-- WHAT YOU WILL DO --
All of the lines below need to be copied exactly, apart from the pictures.

-- EXERCISE DATA --

- - - - -

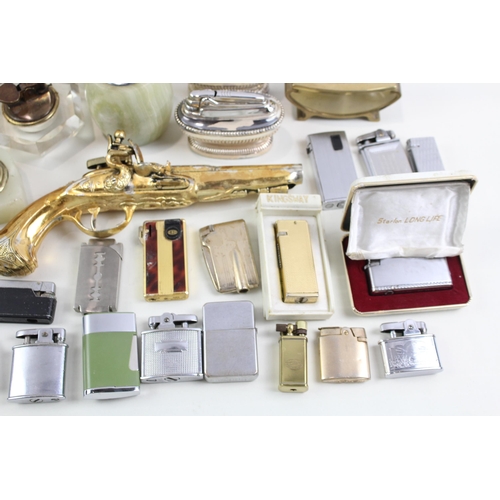 569 - A collection of cigarette and table lighters to include Ronson, Zippo, Colibri etc.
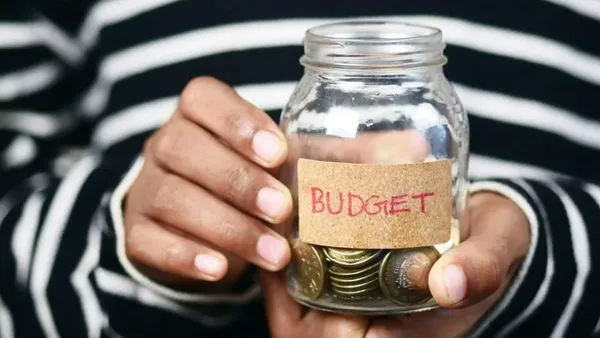Hands holding a coin jar labeled BUDGET – Zidika Consulting Kenya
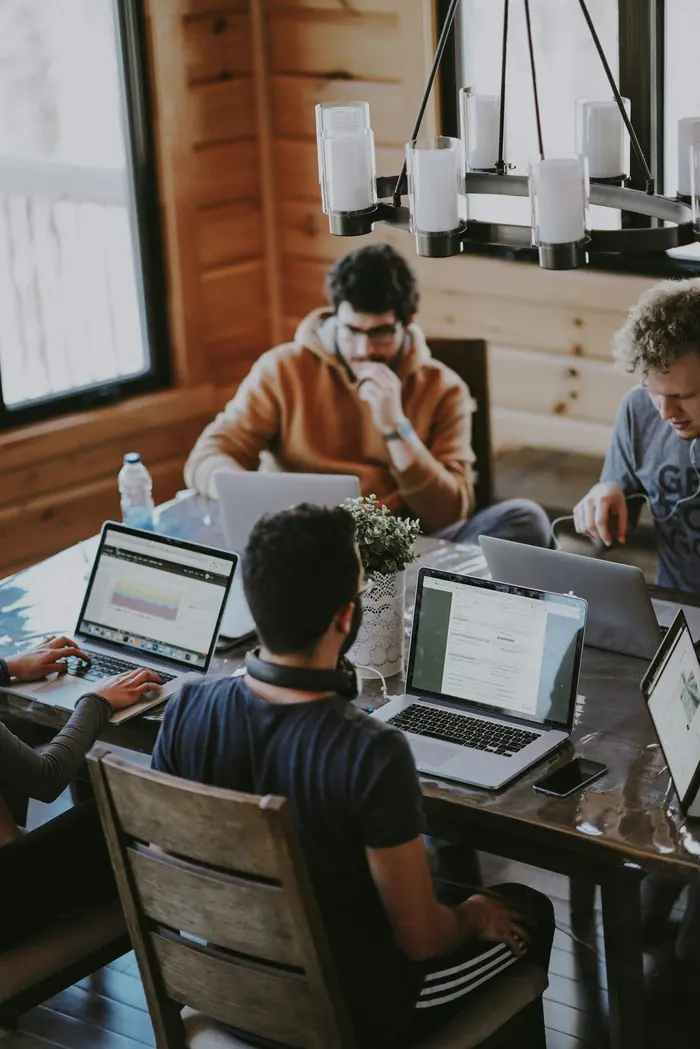 A team working together on laptops around a table, in a warm and collaborative atmosphere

- - - - -

-- SOLUTION BELOW --
 569 - A collection of cigarette and table lighters to include Ronson, Zippo, Colibri etc.
Hands holding a coin jar labeled BUDGET – Zidika Consulting Kenya
 A team working together on laptops around a table, in a warm and collaborative atmosphere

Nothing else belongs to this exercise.